===== PROVIDED RECORDS

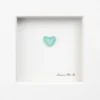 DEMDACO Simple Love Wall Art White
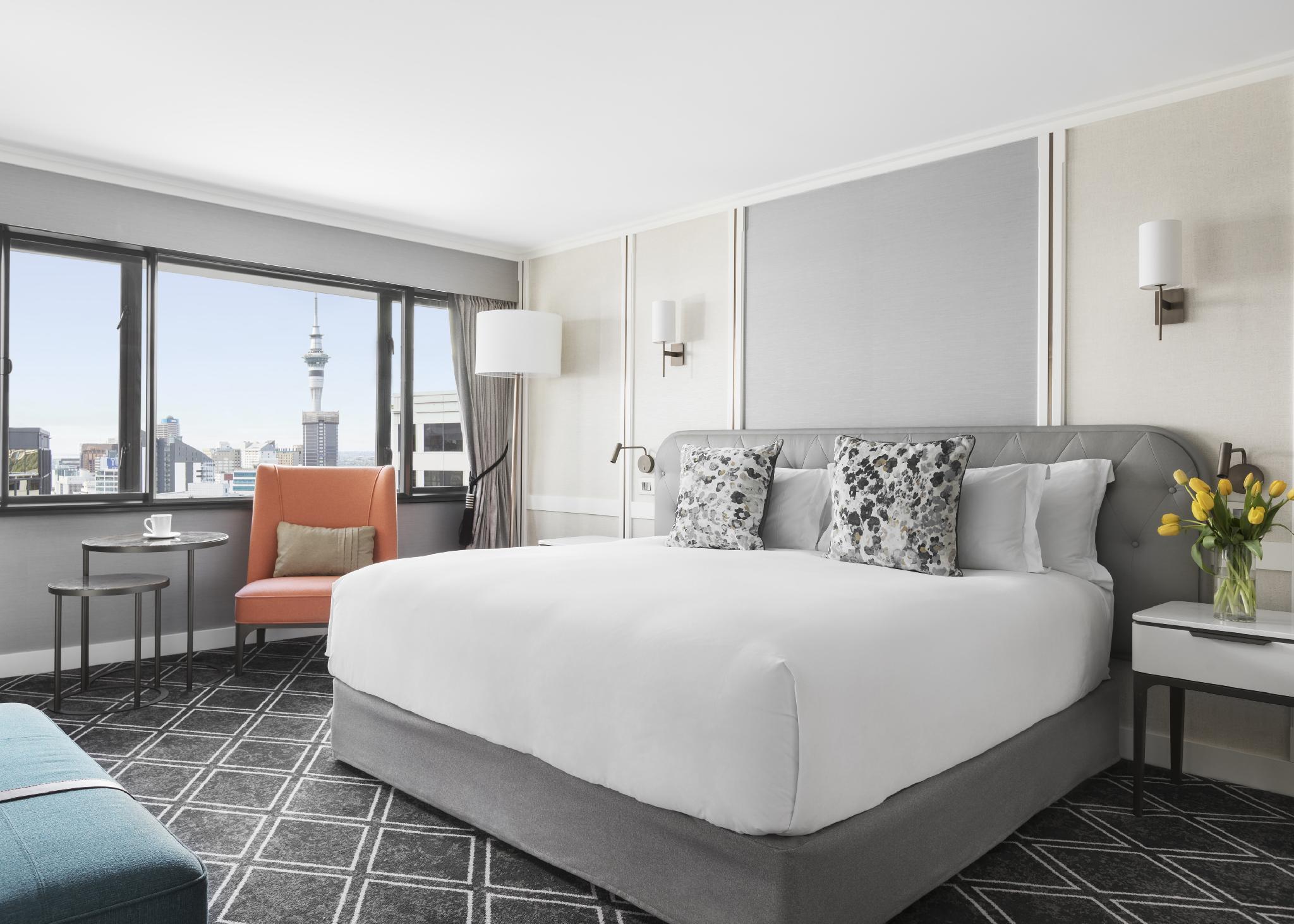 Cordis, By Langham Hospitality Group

==========
===== PROVIDED RECORDS

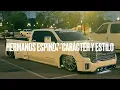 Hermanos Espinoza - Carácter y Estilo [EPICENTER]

==========
===== PROVIDED RECORDS

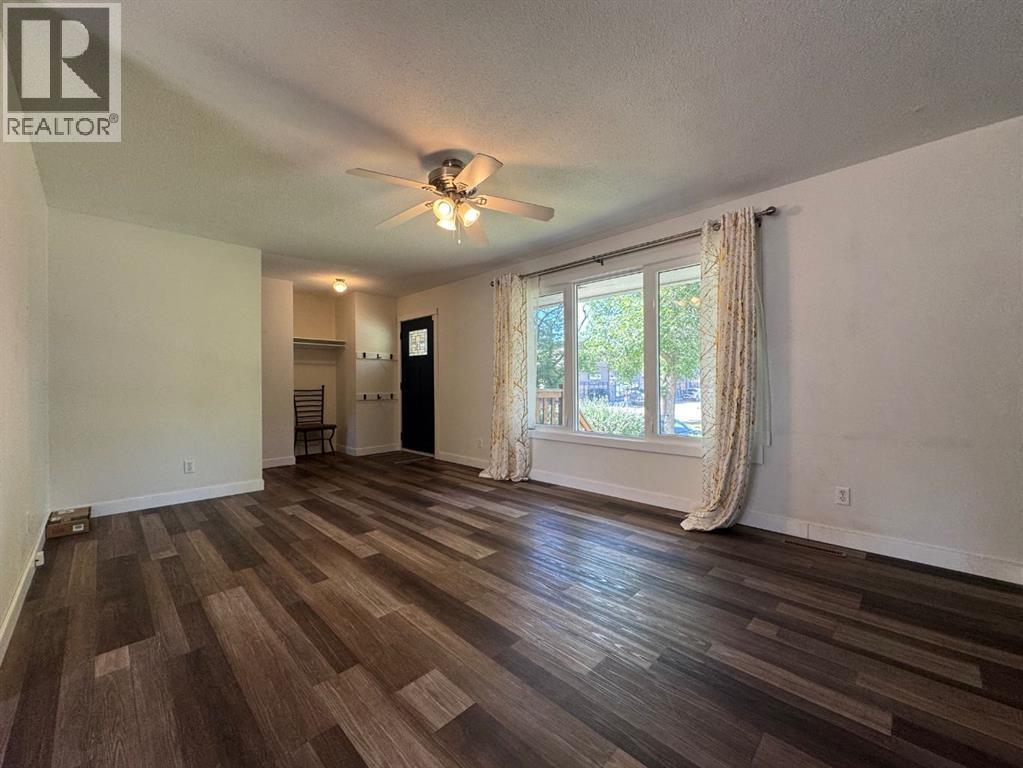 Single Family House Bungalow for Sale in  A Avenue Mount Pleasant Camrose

==========

> _WHAT TO PRODUCE_
Range to copy from the listing above: the line with "DEMDACO Simple Love Wall Art White" through the line with "Cordis, By Langham Hospitality Group". Transcribe it exactly and skip the pictures.

> _EXERCISE RESPONSE_
 DEMDACO Simple Love Wall Art White
 Cordis, By Langham Hospitality Group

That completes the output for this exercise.